Source data:
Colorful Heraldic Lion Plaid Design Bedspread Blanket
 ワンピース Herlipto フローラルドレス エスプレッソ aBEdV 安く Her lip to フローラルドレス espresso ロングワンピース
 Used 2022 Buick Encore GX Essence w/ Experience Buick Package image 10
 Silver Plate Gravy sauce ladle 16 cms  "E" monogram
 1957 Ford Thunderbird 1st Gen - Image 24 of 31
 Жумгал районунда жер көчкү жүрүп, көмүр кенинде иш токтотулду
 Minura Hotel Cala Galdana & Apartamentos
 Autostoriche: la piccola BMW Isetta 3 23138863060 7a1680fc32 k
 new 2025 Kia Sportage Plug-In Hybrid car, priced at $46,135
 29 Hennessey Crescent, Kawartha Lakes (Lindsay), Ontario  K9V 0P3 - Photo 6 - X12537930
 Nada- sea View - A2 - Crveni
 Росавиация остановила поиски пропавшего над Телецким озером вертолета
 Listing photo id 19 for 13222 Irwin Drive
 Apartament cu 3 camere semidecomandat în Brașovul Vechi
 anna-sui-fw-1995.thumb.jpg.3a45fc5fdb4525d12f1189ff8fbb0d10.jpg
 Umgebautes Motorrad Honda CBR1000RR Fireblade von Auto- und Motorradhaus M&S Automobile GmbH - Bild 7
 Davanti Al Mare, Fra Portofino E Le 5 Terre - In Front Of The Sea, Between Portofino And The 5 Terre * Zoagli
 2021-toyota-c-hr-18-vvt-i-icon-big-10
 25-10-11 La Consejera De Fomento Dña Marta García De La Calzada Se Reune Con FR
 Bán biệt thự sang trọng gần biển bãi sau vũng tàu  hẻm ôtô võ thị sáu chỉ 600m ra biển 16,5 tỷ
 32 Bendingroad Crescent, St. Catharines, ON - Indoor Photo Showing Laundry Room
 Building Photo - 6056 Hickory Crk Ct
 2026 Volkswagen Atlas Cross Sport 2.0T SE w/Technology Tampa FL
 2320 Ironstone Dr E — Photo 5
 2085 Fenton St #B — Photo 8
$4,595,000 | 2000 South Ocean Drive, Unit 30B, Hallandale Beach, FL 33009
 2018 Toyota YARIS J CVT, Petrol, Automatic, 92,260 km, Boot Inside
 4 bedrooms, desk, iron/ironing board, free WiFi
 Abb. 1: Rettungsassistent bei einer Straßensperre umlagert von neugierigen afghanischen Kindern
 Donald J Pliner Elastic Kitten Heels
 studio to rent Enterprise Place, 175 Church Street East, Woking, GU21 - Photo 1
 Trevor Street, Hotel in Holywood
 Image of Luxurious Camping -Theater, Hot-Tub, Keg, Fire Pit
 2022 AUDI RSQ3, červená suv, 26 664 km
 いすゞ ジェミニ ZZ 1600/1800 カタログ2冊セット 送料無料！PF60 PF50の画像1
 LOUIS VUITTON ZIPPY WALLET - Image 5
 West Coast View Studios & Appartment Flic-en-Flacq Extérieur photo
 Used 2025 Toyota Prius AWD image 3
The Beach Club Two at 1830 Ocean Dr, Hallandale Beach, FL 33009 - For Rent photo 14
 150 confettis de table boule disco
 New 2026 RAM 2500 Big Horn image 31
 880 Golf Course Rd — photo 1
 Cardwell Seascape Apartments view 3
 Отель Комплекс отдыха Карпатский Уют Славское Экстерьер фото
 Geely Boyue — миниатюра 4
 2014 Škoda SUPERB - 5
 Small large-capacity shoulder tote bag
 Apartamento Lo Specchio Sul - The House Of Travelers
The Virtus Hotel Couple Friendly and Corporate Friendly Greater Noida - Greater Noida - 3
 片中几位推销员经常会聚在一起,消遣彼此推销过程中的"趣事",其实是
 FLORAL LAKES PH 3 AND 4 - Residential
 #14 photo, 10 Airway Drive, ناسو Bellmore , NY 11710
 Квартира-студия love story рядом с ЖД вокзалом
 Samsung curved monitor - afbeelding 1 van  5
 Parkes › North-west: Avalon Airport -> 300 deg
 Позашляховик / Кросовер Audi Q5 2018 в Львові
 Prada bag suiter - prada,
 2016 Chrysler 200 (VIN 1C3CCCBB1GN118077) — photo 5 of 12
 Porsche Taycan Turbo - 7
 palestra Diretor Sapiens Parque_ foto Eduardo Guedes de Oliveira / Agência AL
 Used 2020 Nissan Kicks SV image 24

■ **WHAT IS REQUIRED**: Nothing should be dropped. Retype each line above as it is.

■ **RESULT OF THIS EXERCISE**:
Colorful Heraldic Lion Plaid Design Bedspread Blanket
 ワンピース Herlipto フローラルドレス エスプレッソ aBEdV 安く Her lip to フローラルドレス espresso ロングワンピース
 Used 2022 Buick Encore GX Essence w/ Experience Buick Package image 10
 Silver Plate Gravy sauce ladle 16 cms  "E" monogram
 1957 Ford Thunderbird 1st Gen - Image 24 of 31
 Жумгал районунда жер көчкү жүрүп, көмүр кенинде иш токтотулду
 Minura Hotel Cala Galdana & Apartamentos
 Autostoriche: la piccola BMW Isetta 3 23138863060 7a1680fc32 k
 new 2025 Kia Sportage Plug-In Hybrid car, priced at $46,135
 29 Hennessey Crescent, Kawartha Lakes (Lindsay), Ontario  K9V 0P3 - Photo 6 - X12537930
 Nada- sea View - A2 - Crveni
 Росавиация остановила поиски пропавшего над Телецким озером вертолета
 Listing photo id 19 for 13222 Irwin Drive
 Apartament cu 3 camere semidecomandat în Brașovul Vechi
 anna-sui-fw-1995.thumb.jpg.3a45fc5fdb4525d12f1189ff8fbb0d10.jpg
 Umgebautes Motorrad Honda CBR1000RR Fireblade von Auto- und Motorradhaus M&S Automobile GmbH - Bild 7
 Davanti Al Mare, Fra Portofino E Le 5 Terre - In Front Of The Sea, Between Portofino And The 5 Terre * Zoagli
 2021-toyota-c-hr-18-vvt-i-icon-big-10
 25-10-11 La Consejera De Fomento Dña Marta García De La Calzada Se Reune Con FR
 Bán biệt thự sang trọng gần biển bãi sau vũng tàu  hẻm ôtô võ thị sáu chỉ 600m ra biển 16,5 tỷ
 32 Bendingroad Crescent, St. Catharines, ON - Indoor Photo Showing Laundry Room
 Building Photo - 6056 Hickory Crk Ct
 2026 Volkswagen Atlas Cross Sport 2.0T SE w/Technology Tampa FL
 2320 Ironstone Dr E — Photo 5
 2085 Fenton St #B — Photo 8
$4,595,000 | 2000 South Ocean Drive, Unit 30B, Hallandale Beach, FL 33009
 2018 Toyota YARIS J CVT, Petrol, Automatic, 92,260 km, Boot Inside
 4 bedrooms, desk, iron/ironing board, free WiFi
 Abb. 1: Rettungsassistent bei einer Straßensperre umlagert von neugierigen afghanischen Kindern
 Donald J Pliner Elastic Kitten Heels
 studio to rent Enterprise Place, 175 Church Street East, Woking, GU21 - Photo 1
 Trevor Street, Hotel in Holywood
 Image of Luxurious Camping -Theater, Hot-Tub, Keg, Fire Pit
 2022 AUDI RSQ3, červená suv, 26 664 km
 いすゞ ジェミニ ZZ 1600/1800 カタログ2冊セット 送料無料！PF60 PF50の画像1
 LOUIS VUITTON ZIPPY WALLET - Image 5
 West Coast View Studios & Appartment Flic-en-Flacq Extérieur photo
 Used 2025 Toyota Prius AWD image 3
The Beach Club Two at 1830 Ocean Dr, Hallandale Beach, FL 33009 - For Rent photo 14
 150 confettis de table boule disco
 New 2026 RAM 2500 Big Horn image 31
 880 Golf Course Rd — photo 1
 Cardwell Seascape Apartments view 3
 Отель Комплекс отдыха Карпатский Уют Славское Экстерьер фото
 Geely Boyue — миниатюра 4
 2014 Škoda SUPERB - 5
 Small large-capacity shoulder tote bag
 Apartamento Lo Specchio Sul - The House Of Travelers
The Virtus Hotel Couple Friendly and Corporate Friendly Greater Noida - Greater Noida - 3
 片中几位推销员经常会聚在一起,消遣彼此推销过程中的"趣事",其实是
 FLORAL LAKES PH 3 AND 4 - Residential
 #14 photo, 10 Airway Drive, ناسو Bellmore , NY 11710
 Квартира-студия love story рядом с ЖД вокзалом
 Samsung curved monitor - afbeelding 1 van  5
 Parkes › North-west: Avalon Airport -> 300 deg
 Позашляховик / Кросовер Audi Q5 2018 в Львові
 Prada bag suiter - prada,
 2016 Chrysler 200 (VIN 1C3CCCBB1GN118077) — photo 5 of 12
 Porsche Taycan Turbo - 7
 palestra Diretor Sapiens Parque_ foto Eduardo Guedes de Oliveira / Agência AL
 Used 2020 Nissan Kicks SV image 24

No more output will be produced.